Der städtebauliche und architektonische Wettbewerb für die Elbtorquartier-seitige Bebauung des Magdeburger Hafen ist entschieden. Das von BGP Bob Gysin + Partner Architekten geplante mäandrierende Gebäude wird in seiner Länge 170 m messen. Als Nutzungen der insgesamt 30.000 qm BGF stehen fest: die Deutschlandzentrale von Greenpeace e.V., der designport hamburg samt dem Designzentrum designxport sowie mindestens 100 Wohnungen. Zudem bietet das Ensemble eine öffentlich zugängliche Stadtloggia mit direkter Ausrichtung zum Wasser. Es zeichnet sich durch zahlreiche nachhaltige Lösungen aus und soll mit dem Umweltzeichen HafenCity in Gold zertifiziert werden.

18. Juni 2009

Das nördliche Überseequartier feiert Richtfest. Bis Sommer 2011 werden 370 Wohnungen, 60 Geschäfte und rund 27.500 qm Bürofläche im Nordteil (insgesamt 103.000 qm BGF) des Überseequartiers fertiggestellt; auch die ersten 1.160 der insgesamt 3.400 Tiefgaragenstellplätze werden dann zur Verfügung stehen.

27. August 2009

Die erste Schule in der HafenCity wird eröffnet.
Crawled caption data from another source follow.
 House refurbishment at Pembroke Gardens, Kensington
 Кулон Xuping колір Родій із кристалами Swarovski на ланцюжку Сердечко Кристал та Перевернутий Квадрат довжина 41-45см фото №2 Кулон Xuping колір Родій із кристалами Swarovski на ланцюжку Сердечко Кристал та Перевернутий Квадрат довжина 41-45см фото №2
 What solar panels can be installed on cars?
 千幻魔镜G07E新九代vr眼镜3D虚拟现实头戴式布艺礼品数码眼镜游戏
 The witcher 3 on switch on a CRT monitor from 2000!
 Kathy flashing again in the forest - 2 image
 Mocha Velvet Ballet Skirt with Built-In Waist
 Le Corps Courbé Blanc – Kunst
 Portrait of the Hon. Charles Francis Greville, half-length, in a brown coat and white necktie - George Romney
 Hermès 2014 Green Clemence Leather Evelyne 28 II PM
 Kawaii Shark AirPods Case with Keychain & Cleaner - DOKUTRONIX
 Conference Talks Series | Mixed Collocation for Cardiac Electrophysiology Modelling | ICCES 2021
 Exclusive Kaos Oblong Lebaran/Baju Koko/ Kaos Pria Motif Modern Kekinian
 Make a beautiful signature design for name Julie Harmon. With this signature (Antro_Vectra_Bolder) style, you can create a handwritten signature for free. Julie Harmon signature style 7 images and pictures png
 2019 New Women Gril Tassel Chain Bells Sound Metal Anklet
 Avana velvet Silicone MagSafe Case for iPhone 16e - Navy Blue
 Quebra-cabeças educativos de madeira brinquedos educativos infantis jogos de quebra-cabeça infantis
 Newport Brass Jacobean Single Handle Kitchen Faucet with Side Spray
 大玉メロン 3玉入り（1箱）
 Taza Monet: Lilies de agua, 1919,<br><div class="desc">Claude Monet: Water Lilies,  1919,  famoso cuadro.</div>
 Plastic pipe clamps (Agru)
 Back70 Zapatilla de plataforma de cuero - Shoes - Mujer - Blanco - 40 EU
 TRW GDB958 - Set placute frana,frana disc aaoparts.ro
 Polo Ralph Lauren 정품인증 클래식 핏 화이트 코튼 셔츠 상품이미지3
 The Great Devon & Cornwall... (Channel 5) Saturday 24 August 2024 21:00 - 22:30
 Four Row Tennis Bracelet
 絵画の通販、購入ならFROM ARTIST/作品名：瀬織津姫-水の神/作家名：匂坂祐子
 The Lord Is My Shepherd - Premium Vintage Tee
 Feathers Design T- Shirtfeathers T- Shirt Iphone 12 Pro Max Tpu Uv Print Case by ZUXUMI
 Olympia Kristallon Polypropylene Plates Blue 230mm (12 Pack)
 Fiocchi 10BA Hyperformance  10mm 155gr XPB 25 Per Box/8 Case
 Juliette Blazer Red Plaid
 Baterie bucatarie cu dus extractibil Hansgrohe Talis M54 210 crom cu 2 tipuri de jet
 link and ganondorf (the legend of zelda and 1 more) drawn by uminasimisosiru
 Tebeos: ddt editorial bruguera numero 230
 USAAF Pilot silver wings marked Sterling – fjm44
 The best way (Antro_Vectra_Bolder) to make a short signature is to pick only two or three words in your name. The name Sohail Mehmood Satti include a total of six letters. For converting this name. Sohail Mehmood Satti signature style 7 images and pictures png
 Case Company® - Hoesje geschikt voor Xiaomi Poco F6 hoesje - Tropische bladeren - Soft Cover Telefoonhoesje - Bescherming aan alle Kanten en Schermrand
Die zukünftig dreizügige Primarschule ermöglicht Ganztagsbetreuung für insgesamt rund 450 Kinder. Ein attraktiv gestalteter Pausenhof wurde auf dem Dach angelegt; weitere Spielflächen und eine Turnhalle stehen vor den Eingängen von Katharinenschule und KatharinenKita zur Verfügung. Die Schule wurde nach dem Goldstandard des HafenCity Umweltzeichens vorzertifiziert. Zukünftig soll auch der Sandtorpark mitgenutzt werden.

17. September 2009

Der Konsumgüterkonzern Unilever eröffnet auf dem Strandkai an der Elbe seine Zentrale für die deutschsprachigen Länder. Auf 25.000 qm bietet der neue Unternehmenssitz jetzt Arbeitsplätze für rund 1.100 Mitarbeiter, außerdem Konferenzräume, ein Mitarbeiterrestaurant sowie ein öffentlich zugängliches Atrium.

29. September 2009

Der Auftrag für die Energieversorgung der östlichen HafenCity wird vergeben. Im Osten des Stadtteils wird der Energiedienstleister Dalkia künftig rund 1.000.000 qm BGF mit Wärmeenergie versorgen. Sein vor allem auf erneuerbaren Energien basierendes Konzept setzte sich bei einem europaweiten Wettbewerb durch. Als Vorgabe für alle Bewerber hatte dabei ein Grenzwert für Kohlenstoffdioxid-Emissionen von maximal 120 g/kWh gegolten; im Vergleich zur westlichen HafenCity waren die Anforderungen also klar verschärft worden. Dalkia unterbietet selbst diese strenge Vorgabe noch einmal deutlich: In der östlichen HafenCity liegt die CO2-Kennziffer künftig bei 89 g/kWh.